### Goal of the exercise
Using the data below, return word for word every line from the one holding "Квартира Уютная 2-комнатная" down to the one holding "31384 - Colourful Hummingbird". Leave pictures out.

### Dataset entries
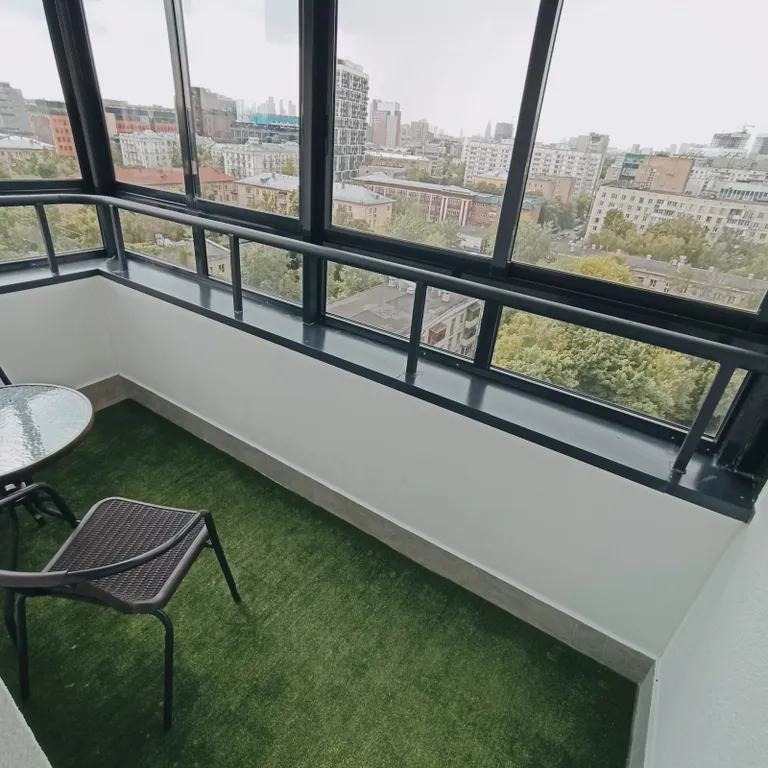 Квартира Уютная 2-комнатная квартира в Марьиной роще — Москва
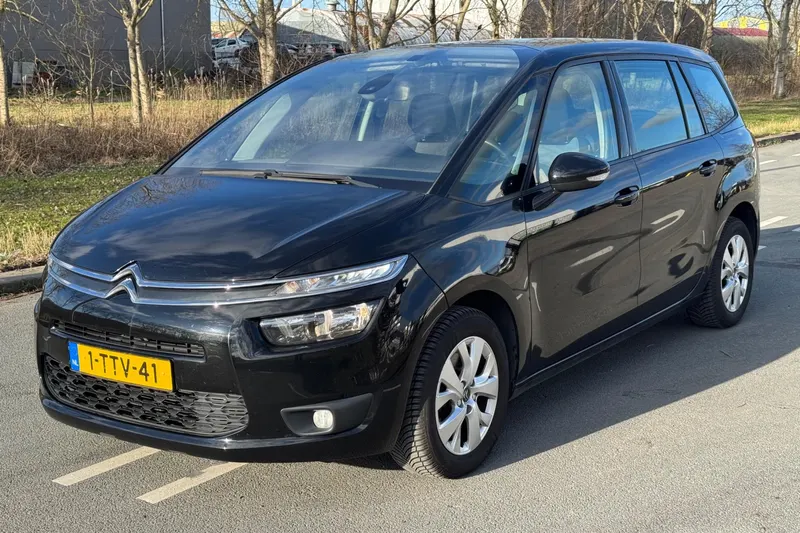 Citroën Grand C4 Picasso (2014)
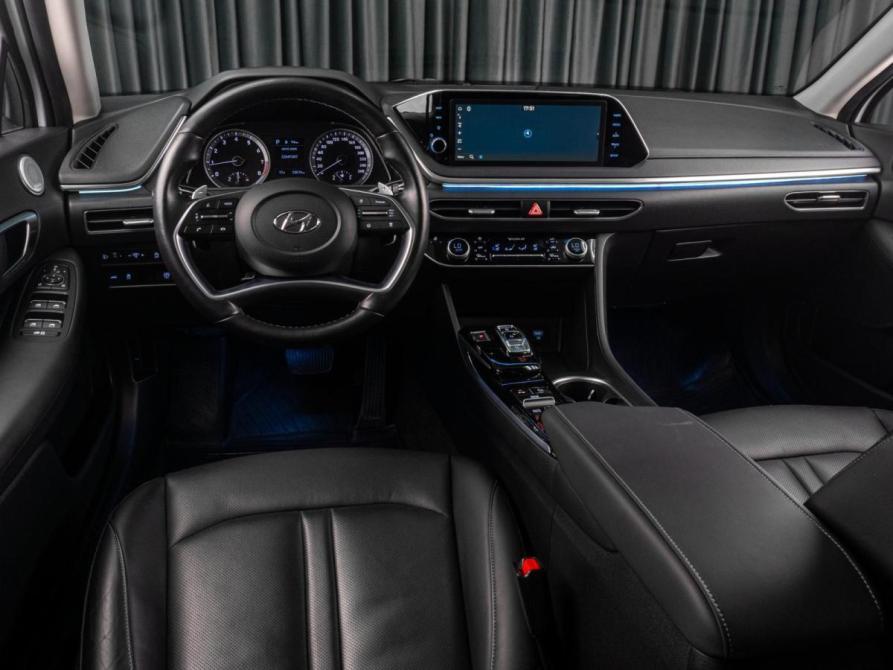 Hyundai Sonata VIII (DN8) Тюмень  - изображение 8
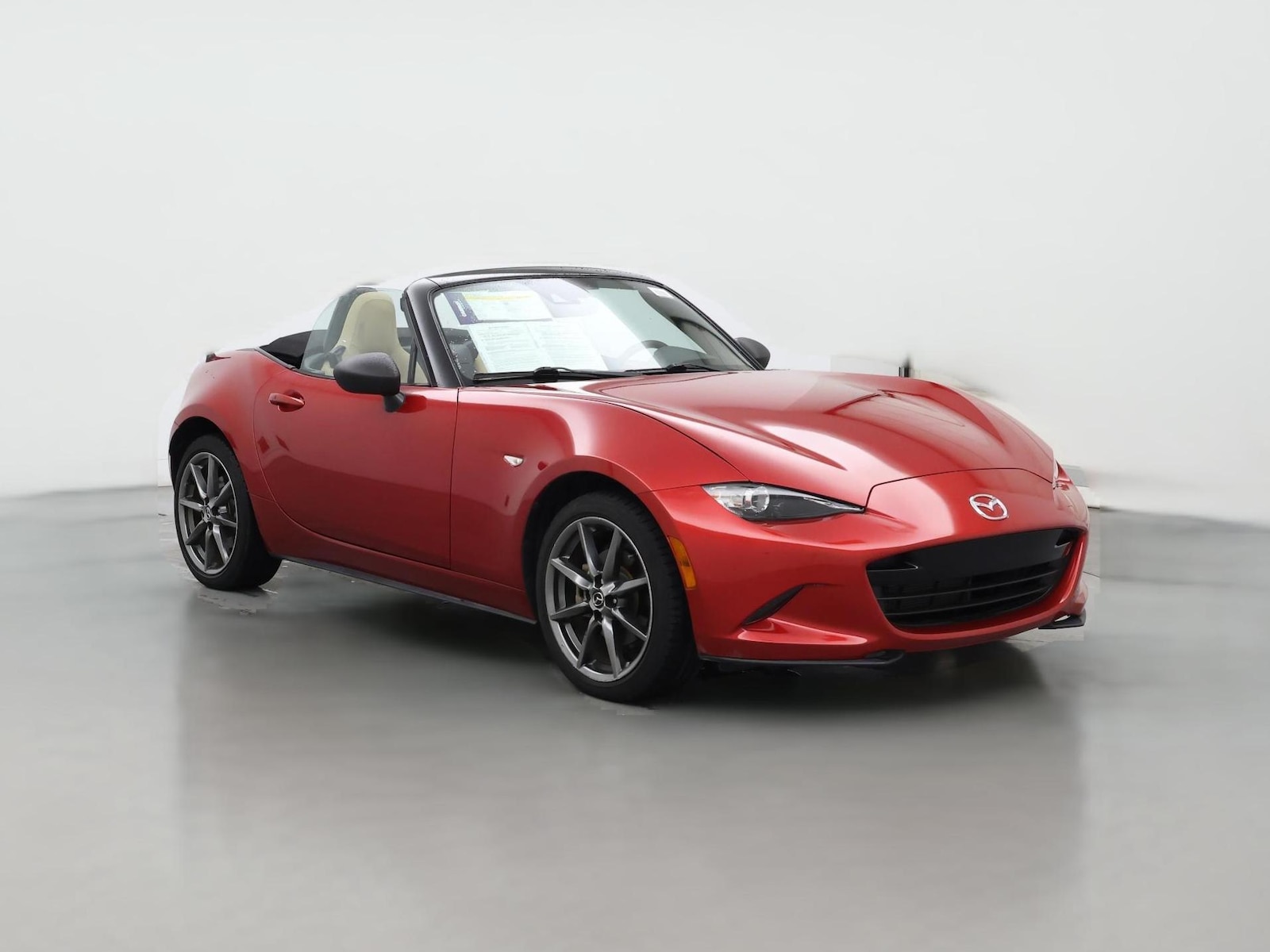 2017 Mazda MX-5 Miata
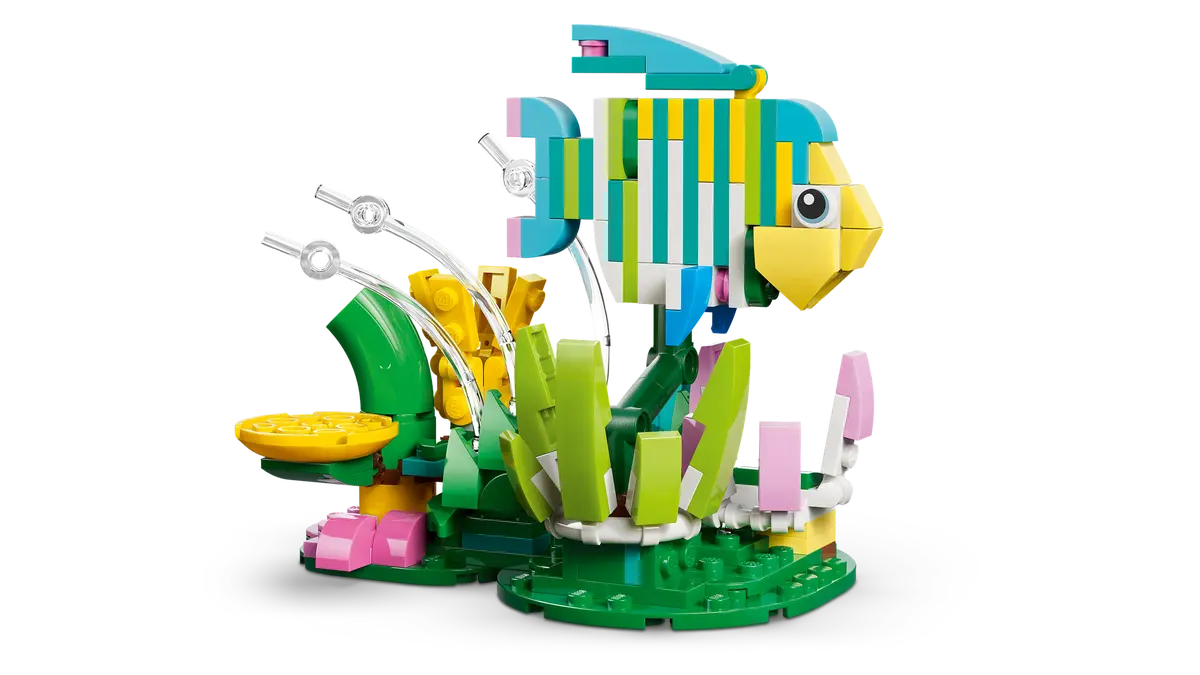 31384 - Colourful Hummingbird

--

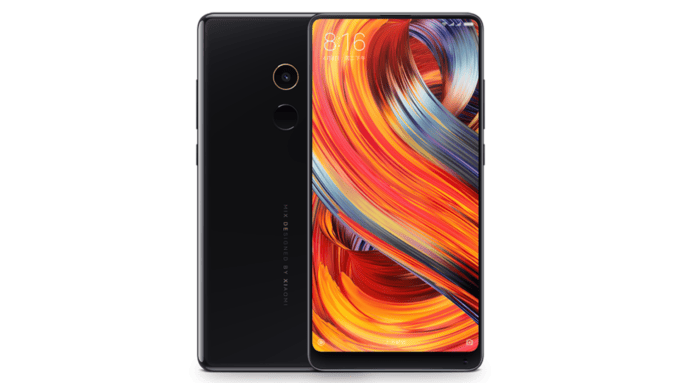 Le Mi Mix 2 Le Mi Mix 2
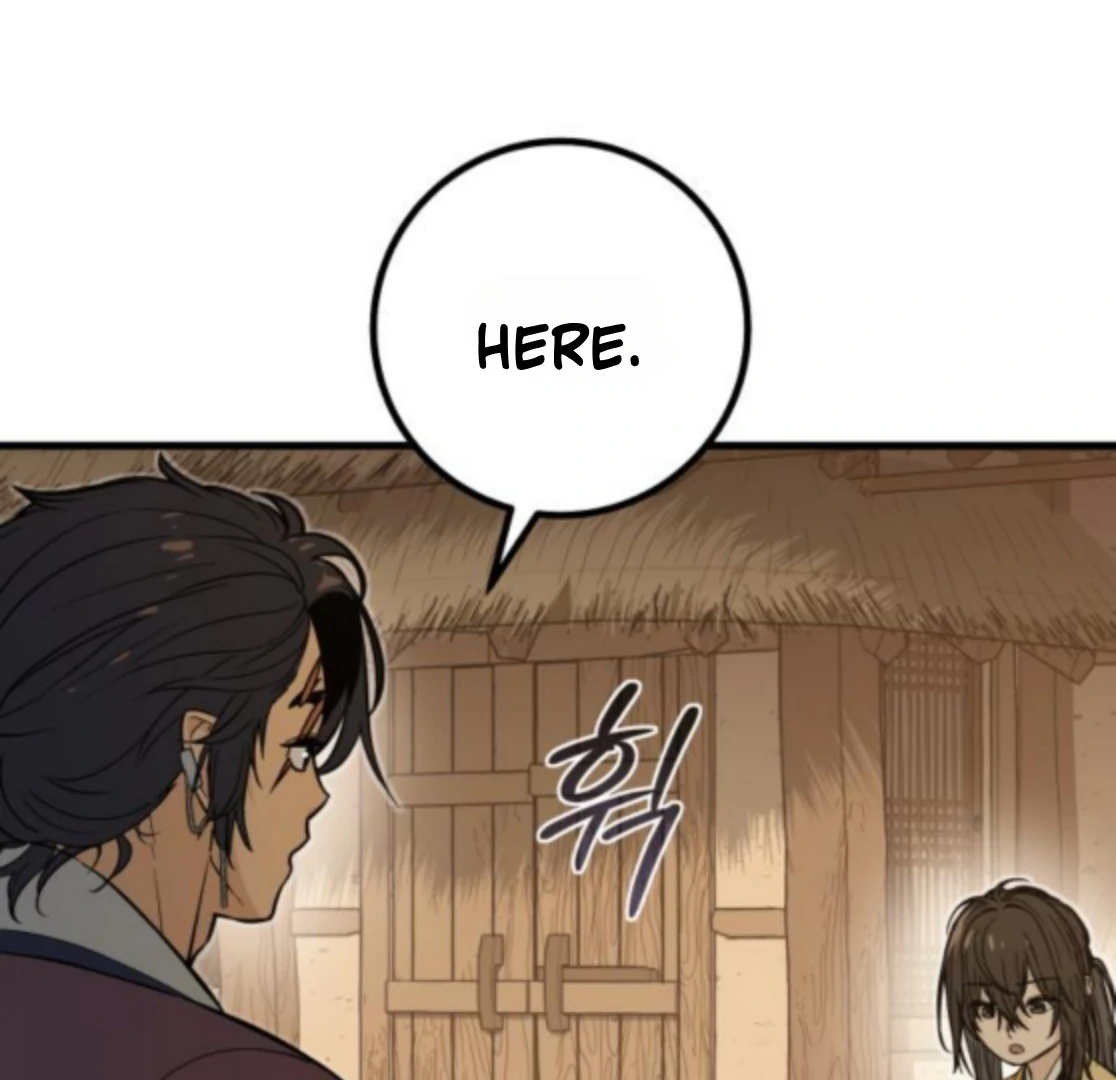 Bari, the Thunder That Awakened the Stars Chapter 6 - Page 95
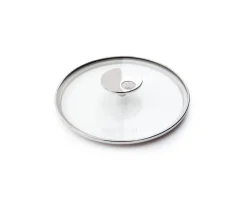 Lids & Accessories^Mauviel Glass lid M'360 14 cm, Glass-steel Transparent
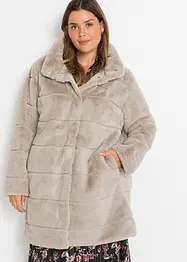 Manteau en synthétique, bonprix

### Your response
 Квартира Уютная 2-комнатная квартира в Марьиной роще — Москва
 Citroën Grand C4 Picasso (2014)
 Hyundai Sonata VIII (DN8) Тюмень  - изображение 8
 2017 Mazda MX-5 Miata
 31384 - Colourful Hummingbird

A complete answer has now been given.